From the Record:
Years of economic malaise showed broad signs of lifting in 2015 across the United States as higher incomes and other beacons of rising prosperity helped reverse nearly a decade of woe following one of the worst recessions in history.
In a sign of the state’s continuing economic struggles, data released today by the Census Bureau showed that New Jersey lagged behind the rest of the country on a series of economic measures last year, including a 0.3 percent increase in median household income that ranked last among the 50 states.
The picture was much brighter in Bergen County, where the median rose 5.1 percent, to $89,023. But it fell 4.8 percent in Passaic County.
The state data, reflecting a period when New Jersey showed relatively strong job gains concentrated in lower-paying industries, also revealed some of the weakest improvements in the country in wages, poverty and per capita income.
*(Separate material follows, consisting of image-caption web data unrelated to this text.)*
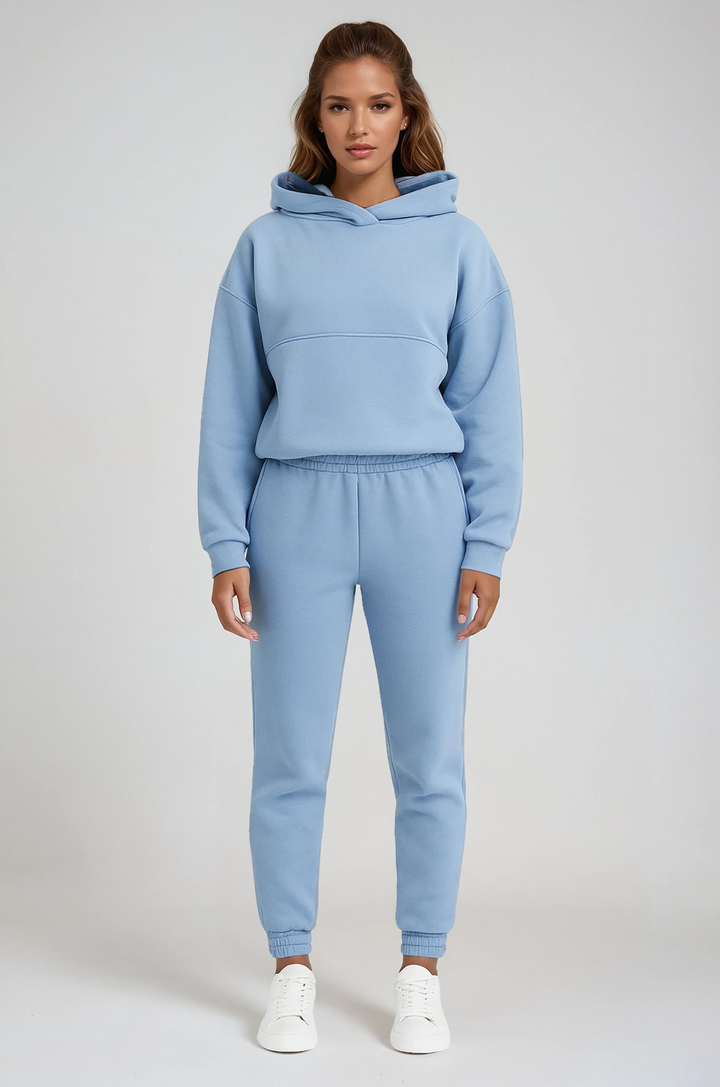 Conjunto deportivo de mujer cómodo: sudadera holgada y pantalón jogger, ideal para estilo casual otoño-invierno.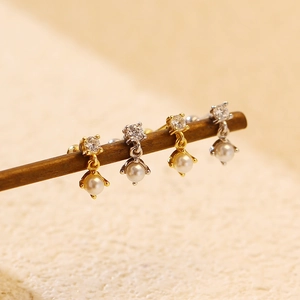 Macro detail of elegant pearl and zircon stud earrings on a wooden display stand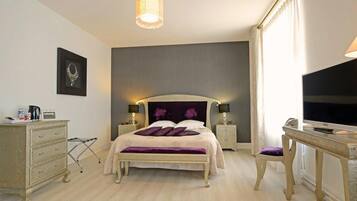Une chambre d’hôtel comprenant un lit, des tables de chevet, un bureau, une télévision et une armoire.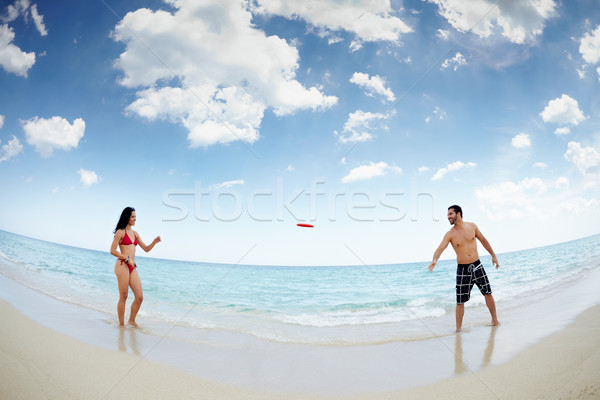 young happy man and woman playing with frisbee Stock photo © diego_cervo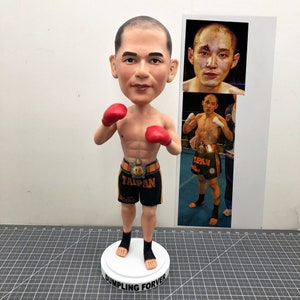 Könnte beinhalten: Eine personalisierte Bobblehead-Figur eines Mannes, der rote Boxhandschuhe und schwarze Shorts mit dem Aufdruck "Taipan" trägt. Die Figur steht auf einem weißen Sockel mit dem Aufdruck "Dumpling Forever". Die Figur ist in einer Boxhaltung dargestellt.
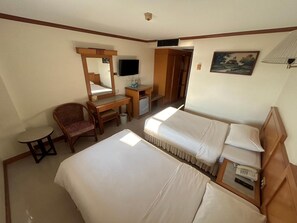 A hotel room with two beds, a desk with a chair, a television, and a painting on the wall. - Hadthong Hotel (Prachuap Khiri Khan)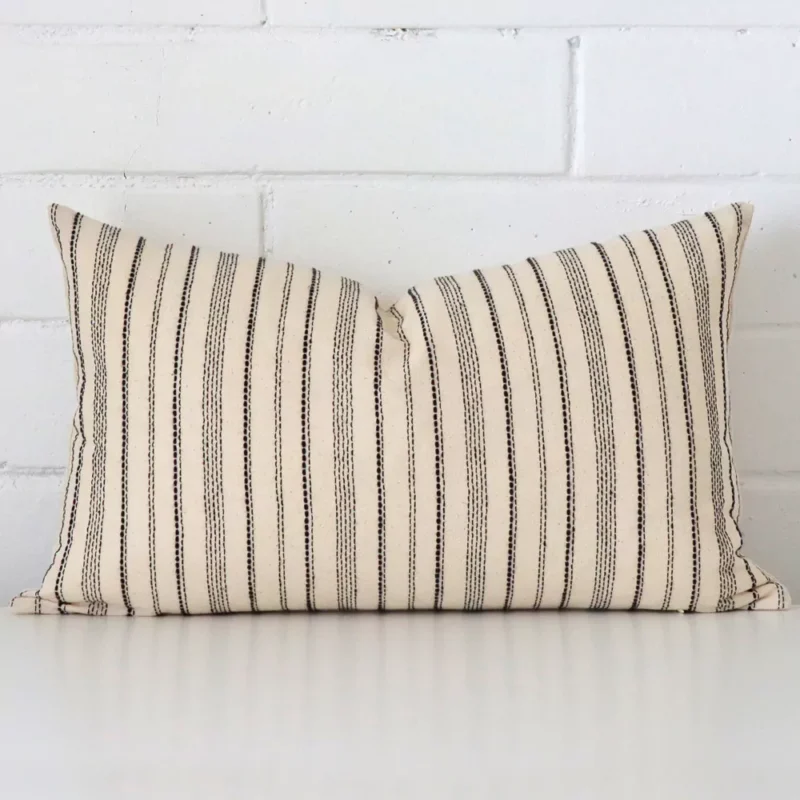 otis-striped-designer-cushion-cover-rectangle-art104-30 Rectangle striped cushion cover sitting upright in front of a brick wall. It has been made from a quality designer material.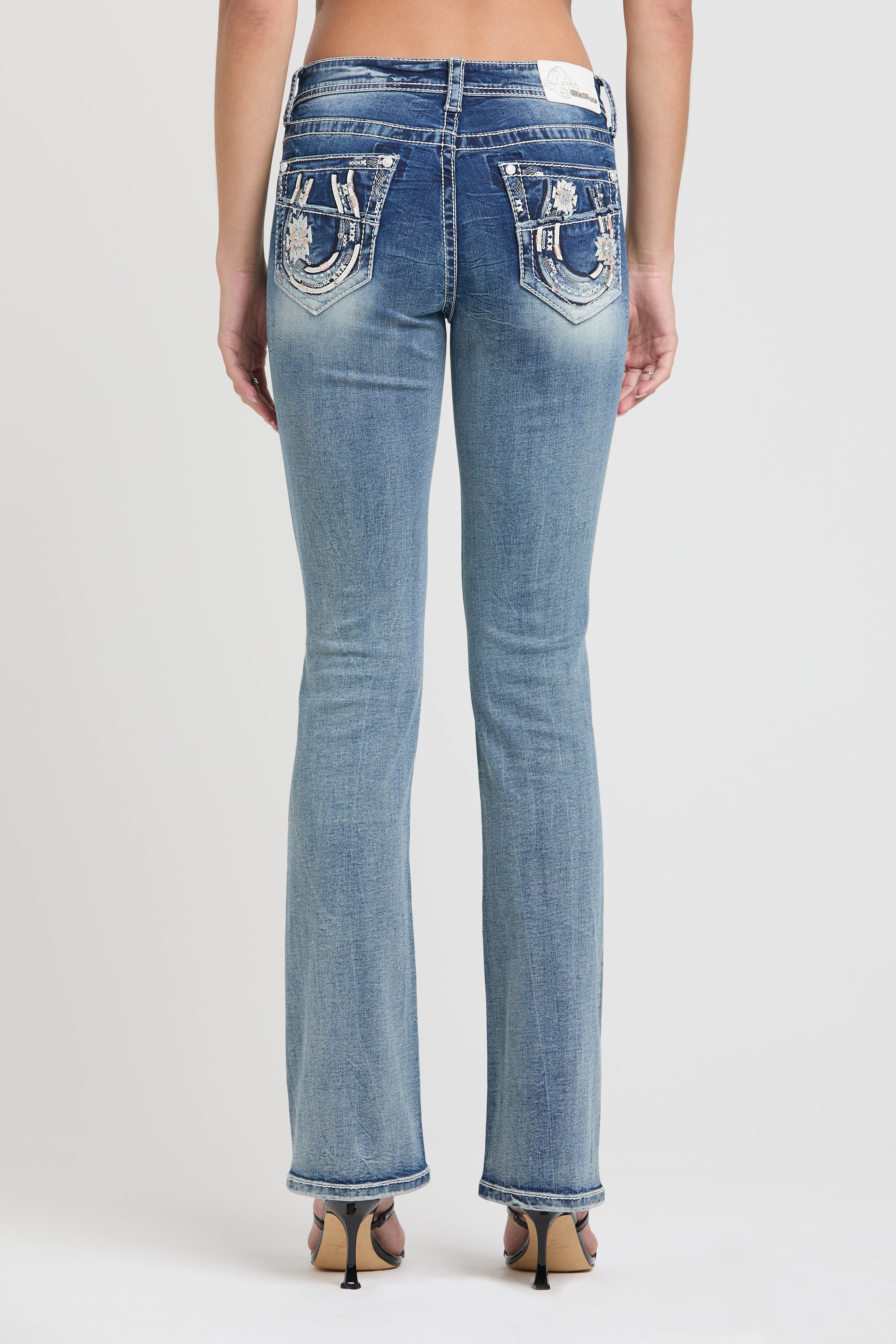 Grace in LA womens bootcut jeans in a light acid wash featuring frayed denim brand initials on the back pockets with rhinestone accents.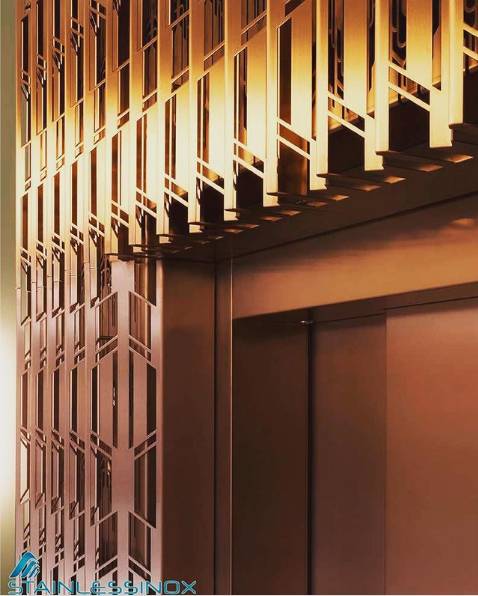 A modern metal wall with a decorative pattern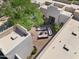 Aerial view of an outdoor living space featuring sofas and chairs on a brick patio at 10119 E Winter Sun Dr, Scottsdale, AZ 85262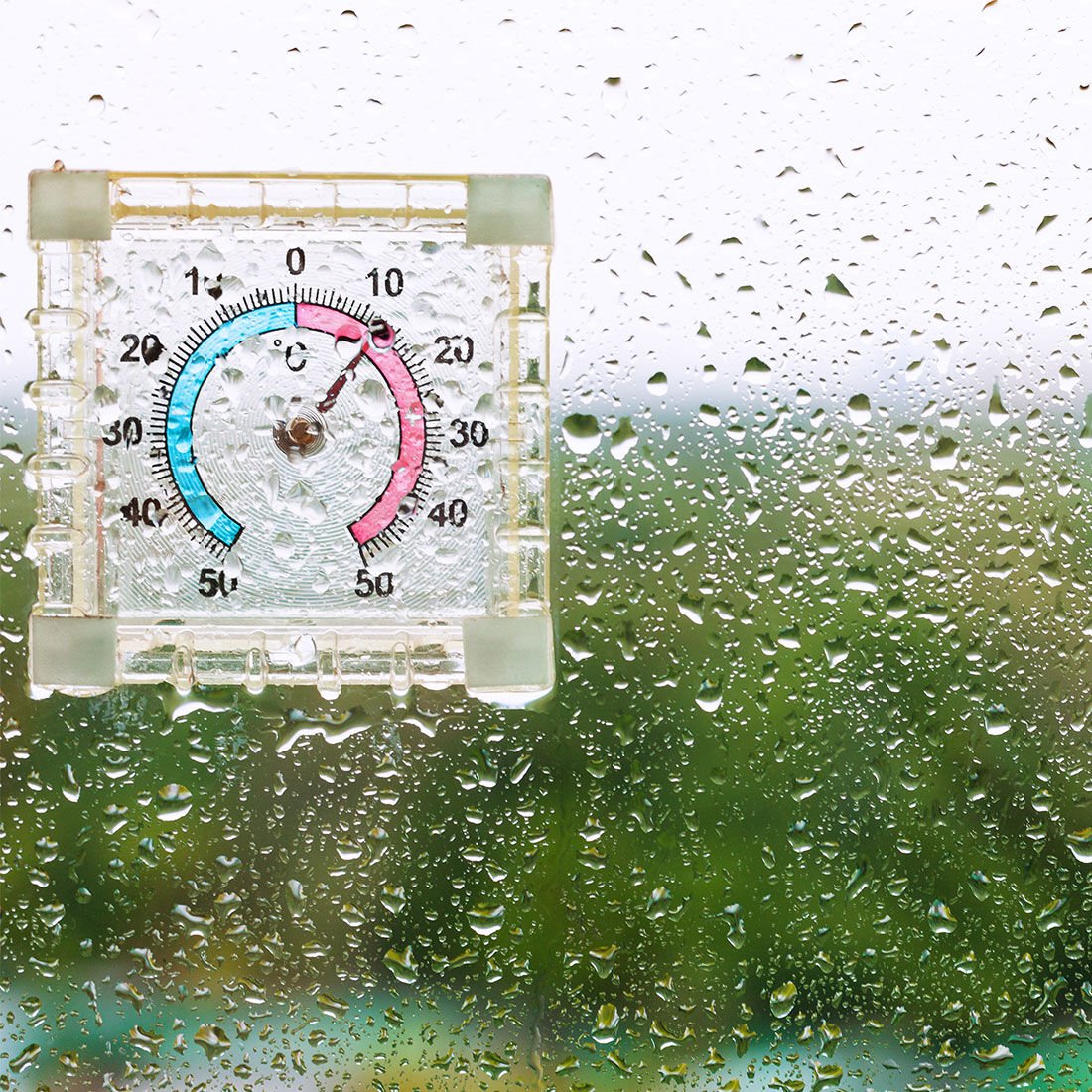 Moisture on a window looking at a humidity meter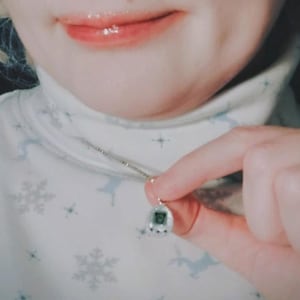 May include: Silver necklace featuring a small, retro pendant with a digital display and buttons. The person is wearing a white turtleneck with a snowflake and deer pattern.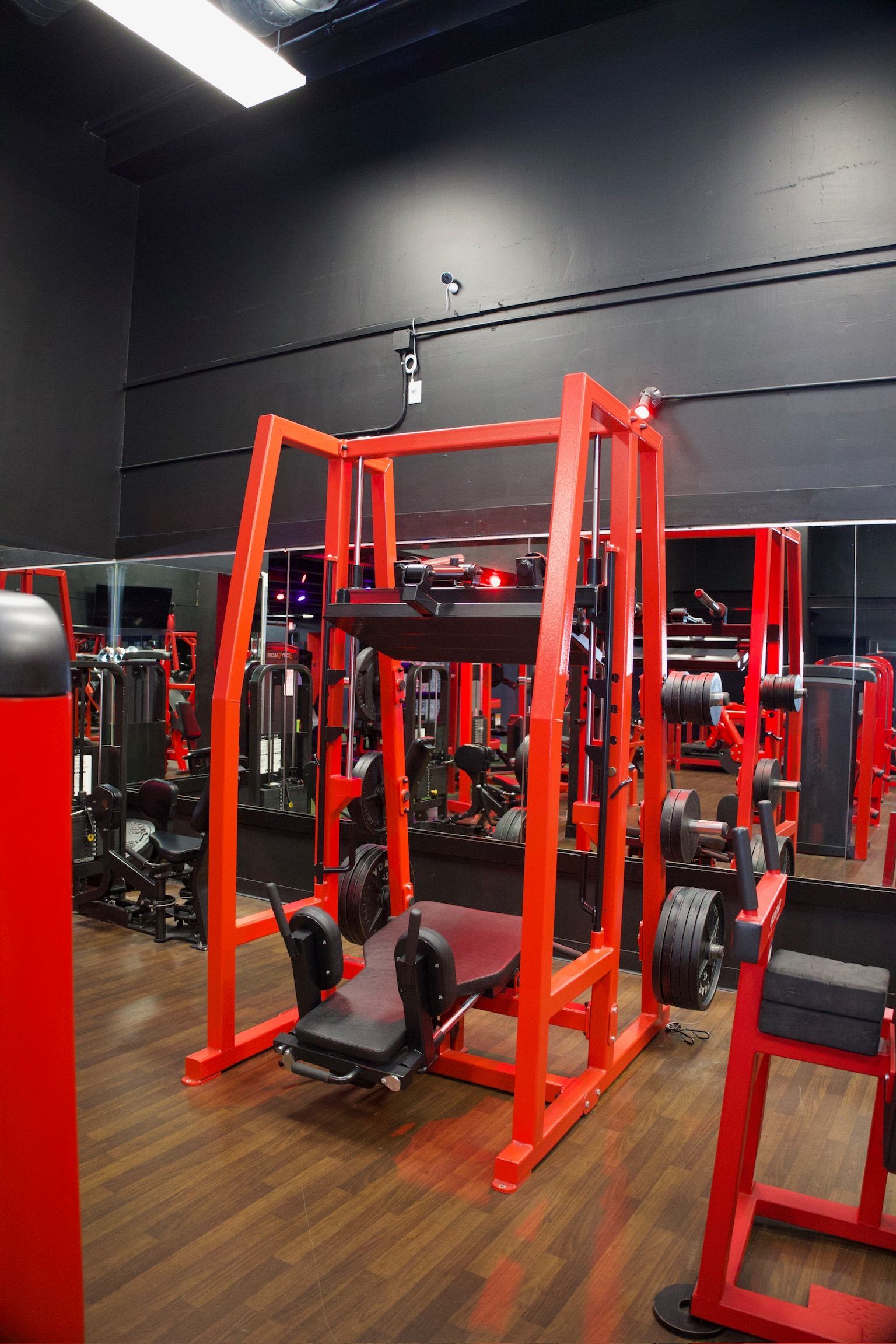 Red weight machine in a gym.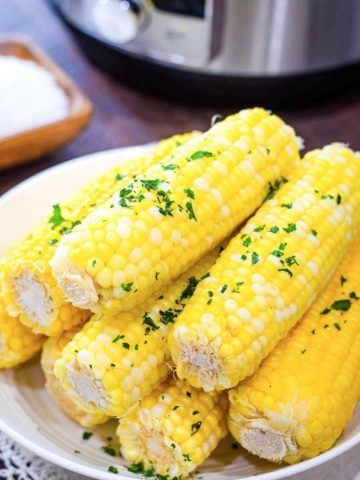 Instant Pot buttered corn on the cob sprinkled with parsley on a white plate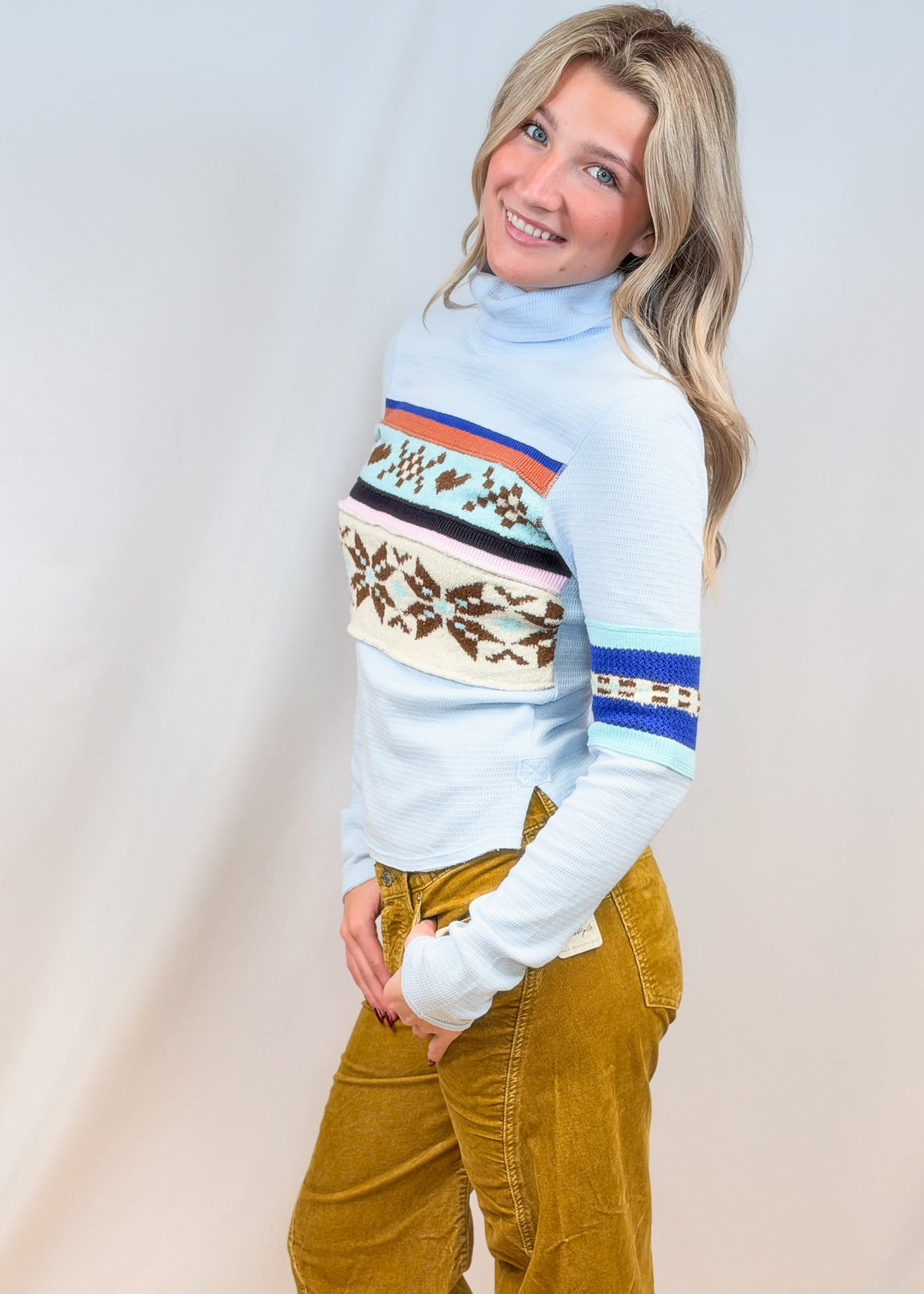 Woman shown from side view wearing light blue turtleneck top with argyle and snowflake designs with camel cord pants on plain background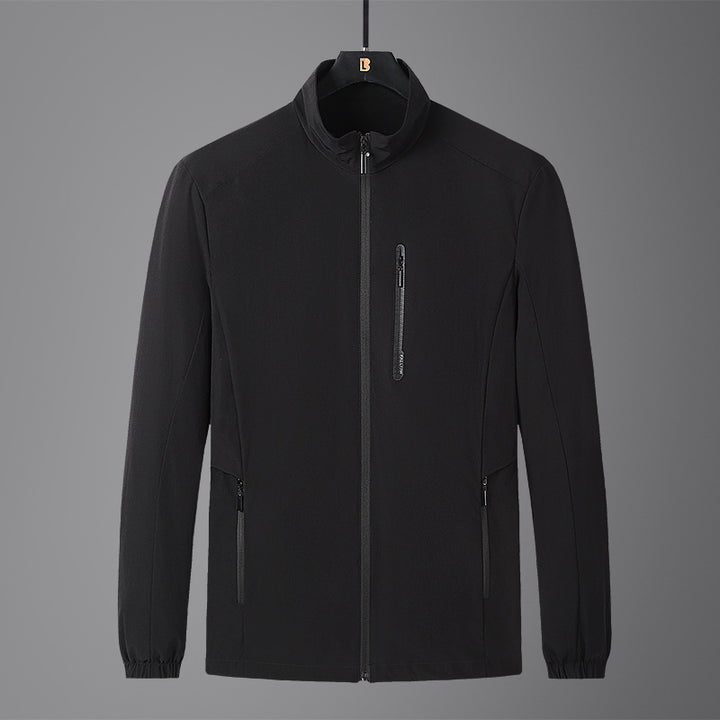 Herren Leichte Softshell-Jacke mit Stehkragen, wind- und wasserabweisender Oberfläche sowie Reißverschlusstaschen Drune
Indeed, the report suggests that New Jersey may be turning the corner in its recovery, as even small improvements are better than the stagnant conditions of prior years. The state, with its broad economic base and relatively well-educated population, also remains among the wealthiest states, with a current median household income of $72,222, according to the report, known as the American Community Survey. Other economic reports, meanwhile, have shown rising employment and wage gains closer to national averages.
“If the numbers are for real, it suggests that the economy really is in a catch-up position,” said James Hughes, dean of the Edward J. Bloustein School of Planning and Public Policy at Rutgers University. “One year does not a trend make. But when your rankings are so low, you have to wonder, are we are in deep trouble?”